= TASK BRIEF =
Please write out every line of the listing without alteration, but omit the images.

= EXTRACTED DATA =
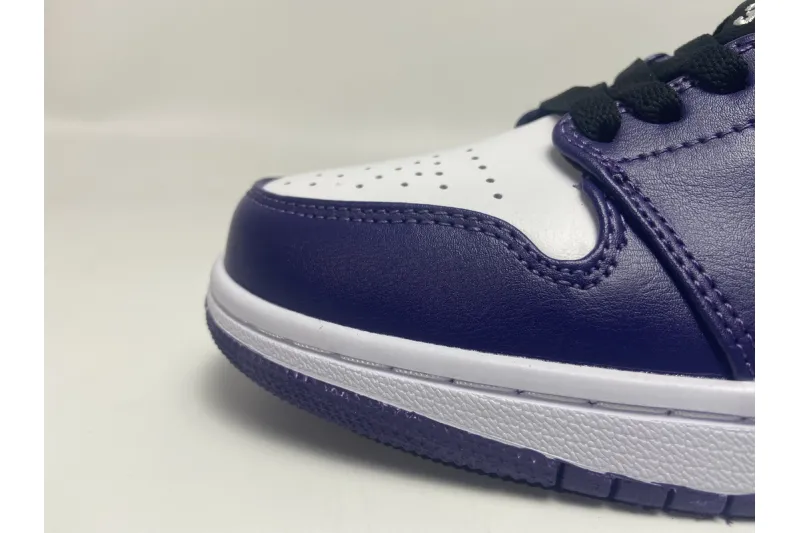 Reps StockX Shoes Air Jordan 1 Low Court Purple 553558-500??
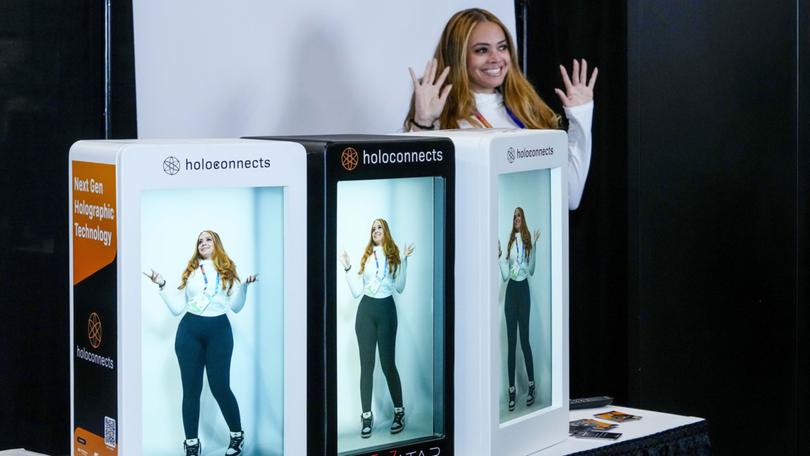 Holoconnects showcases their Holobox Mini hologram.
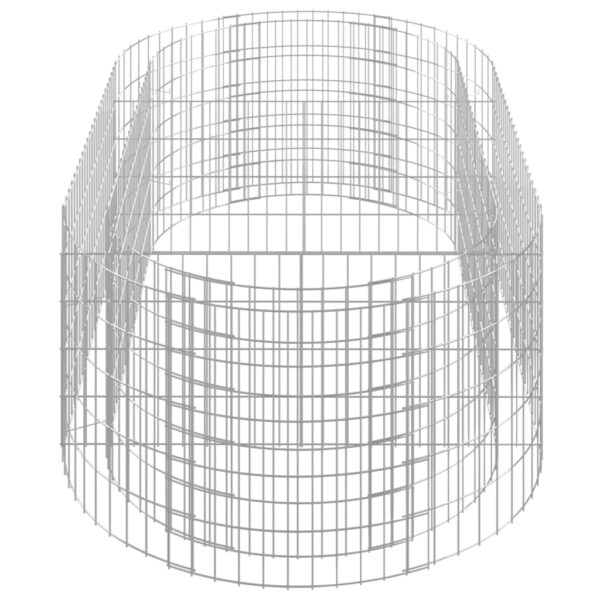 Planteringsgabion galvaniserat järn 200x100x50 cm - Bild 5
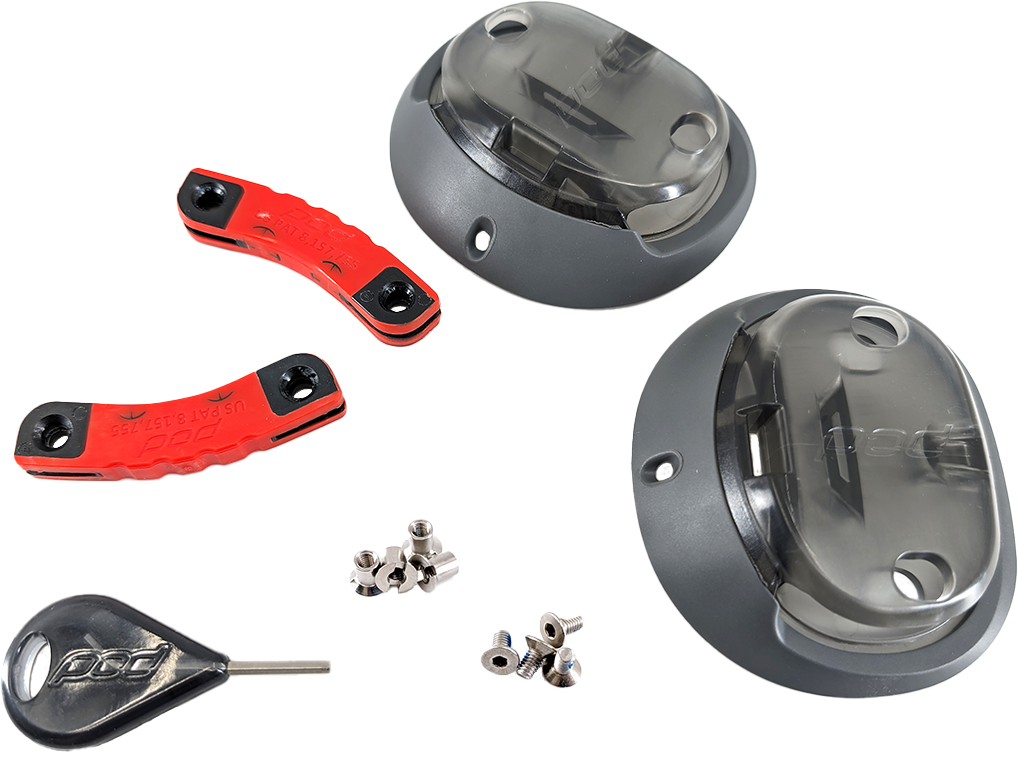 KX 3.0 HINGE REBUILD SET RED/BLACK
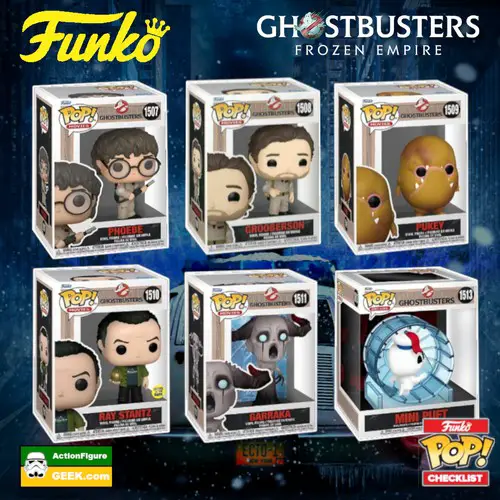 Ghostbusters - Frozen Empire Funko Pops - Checklist and Buyers Guide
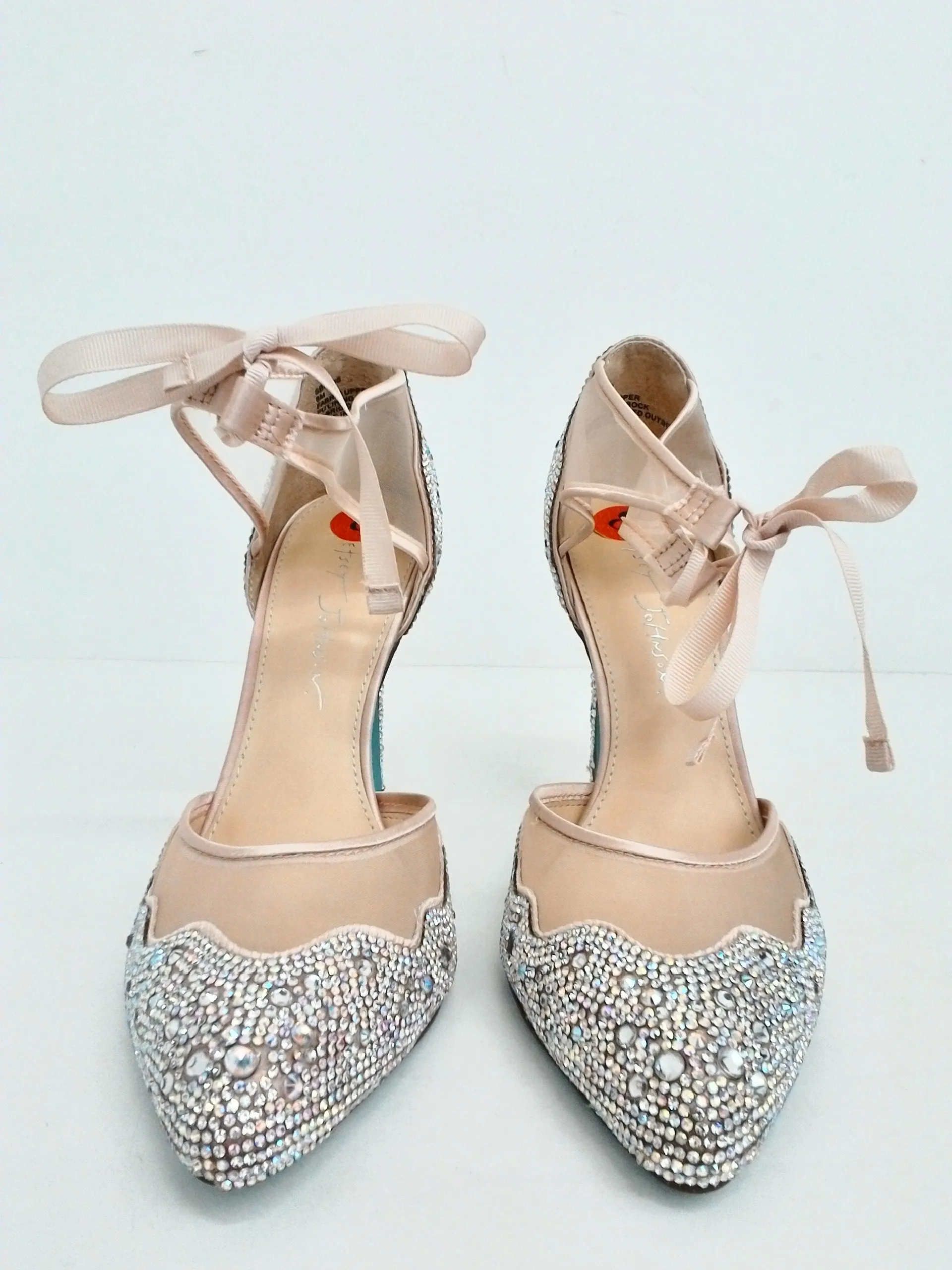 Betsey Johnson Women's Iris Silver/Nude Pumps Size 8 M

= TASK SOLUTION =
 Reps StockX Shoes Air Jordan 1 Low Court Purple 553558-500??
 Holoconnects showcases their Holobox Mini hologram.
 Planteringsgabion galvaniserat järn 200x100x50 cm - Bild 5
 KX 3.0 HINGE REBUILD SET RED/BLACK
 Ghostbusters - Frozen Empire Funko Pops - Checklist and Buyers Guide
 Betsey Johnson Women's Iris Silver/Nude Pumps Size 8 M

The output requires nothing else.